The composition date of the present work is unknown. Unlike many of the composer's other symphonies it did not find its way into any contemporary thematic catalogues and only a single set of MS parts is extant; these are preserved in Stift Kremsmnster, an important source for Dittersdorf 's symphonies, under the shelfmark Ser.H.Fasc.24.Nr.261: "Sinfonia in A / a / Due Violini / Due Oboe / Clarini in D / Tympani / Violoncello obl: in Andte / con / Basso / Del Sigre Vanhal". The parts contain numerous copying errors, some of which are serious. The basso and timpani parts are particularly badly copied and even omit large chunks of text. On the basis of these parts performances must have been very trying for both players and audiences.
There are a number of interesting features about the work the most significant of which is its overall structure. Vanhal casts the symphony in a single large-scale movement which is divided into three clear sections, fast-slow-fast. There are a number of deliberate parallels between the first and third sections and the logic of this is made apparent in the closing bars of the finale which see the return of the opening bars of the work, played piano. The solo violoncello, Vanhal's own instrument, adds a subtle colouring to the central section as it doubles the first violins an octave lower.
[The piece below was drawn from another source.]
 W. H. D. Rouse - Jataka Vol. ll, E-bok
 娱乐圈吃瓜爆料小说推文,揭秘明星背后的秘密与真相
The oboes, by way of contrast, double the violins an octave higher when they are entrusted with melodic material. The clarini and timpani are crooked rather unexpectedly in D. The reason why Vanhal chose to do this may lie in the resources of the orchestra for which the work was written since he makes little real attempt to exploit the advantages created by this move. The outer sections of the work perhaps include a little more of the subdominant than is usual but then the clarini and timpani are omitted entirely from the D-major central section.
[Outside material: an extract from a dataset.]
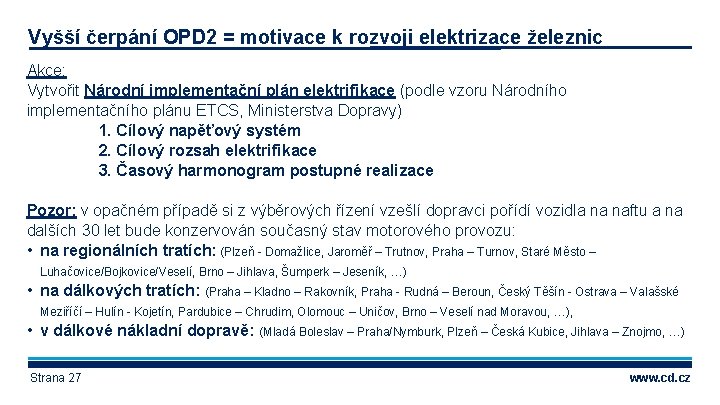 Vyšší čerpání OPD 2 = motivace k rozvoji elektrizace železnic Akce: Vytvořit Národní implementační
In the absence of the autograph score and an authentic set of parts the edition presents as faithfully as possible the intentions of the composer as transmitted in the sole-surviving source. The notation of articulation and dynamic markings has been standardised throughout, and, where missing from the source, markings have been reconstructed from parallel passages. These are indicated by the use of dotted slurs or brackets where appropriate. Like most eighteenth-century sources, the present manuscript is inconsistent in its notation of appoggiature; these have also been standardised to minimise confusion. Any editorial emendation with no authority from the source is placed within brackets.